CSV+ file lines with differing number of columns from Tim Finin on 2014-02-19 (public-csv-wg@w3.org from February 2014)

From: Tim Finin <finin@cs.umbc.edu>
Date: Tue, 18 Feb 2014 23:58:00 -0500
To: public-csv-wg@w3.org
Message-ID: <530439D8.7000309@cs.umbc.edu>

The current draft of Syntax for Tabular Data on the Web
stipulates (sec 3.3) that "Each line of a CSV+ file must contain
the same number of comma-separated values."  While this seems
reasonable, some existing use cases I'm familiar with allow for
CSV files with several types of lines that differ in their number
of columns.  Processing the CSV file requires detecting the line
type and also the presence of an optional terminal column.

Might we explore relaxing the constraint that the CSV file have
the same number of columns for each line?

In the 2013 NIST Cold Start Knowledge Base Population Task [1],
researchers submit output from their text information extraction
systems to NIST for evaluation as tab separated files.  A line
consists of a triple (subj pred obj) and, for some predicates,
provenance information. Provenance includes a document ID and,
depending on the predicate, one or three pairs of string offsets
within the document.  Each line can also have a optional float as
a final column to represent a certainty measure.

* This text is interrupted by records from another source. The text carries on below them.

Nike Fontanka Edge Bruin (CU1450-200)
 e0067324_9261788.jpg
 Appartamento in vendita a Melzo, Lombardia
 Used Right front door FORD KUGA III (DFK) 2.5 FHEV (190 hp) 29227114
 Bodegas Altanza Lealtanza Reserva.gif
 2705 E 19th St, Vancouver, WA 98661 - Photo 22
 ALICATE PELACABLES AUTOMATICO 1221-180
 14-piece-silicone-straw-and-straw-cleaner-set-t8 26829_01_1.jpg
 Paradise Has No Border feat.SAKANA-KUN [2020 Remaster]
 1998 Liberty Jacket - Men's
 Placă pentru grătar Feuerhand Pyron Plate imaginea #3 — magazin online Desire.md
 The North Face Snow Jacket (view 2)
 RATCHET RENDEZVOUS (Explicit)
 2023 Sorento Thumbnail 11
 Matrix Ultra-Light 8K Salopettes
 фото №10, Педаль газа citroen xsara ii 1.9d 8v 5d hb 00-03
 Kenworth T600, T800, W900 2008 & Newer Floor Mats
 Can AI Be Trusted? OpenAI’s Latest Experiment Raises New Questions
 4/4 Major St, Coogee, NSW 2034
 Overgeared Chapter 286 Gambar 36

The submission format does not require adding extra separators to
make all of the lines uniform or explicitly adding a default
value for the optional last column.

The following four lines show examples of a triple without any
annotations, an entity mention with provenance, an entity
relation with provenance, and a relation with both provenance and
confidence annotations.

   :e4 type         PER
   :e4 mention      "Bart" D00124 283-286
   :e4 per:siblings :e7    D00124 283-286 173-179 274-281
   :e4 per:age      "10"   D00124 180-181 173-179 182-191 0.9

[1] 
http://www.nist.gov/tac/2013/KBP/ColdStart/guidelines/KBP2013_ColdStartTaskDescription_1.1.pdf

Received on Wednesday, 19 February 2014 04:58:23 UTC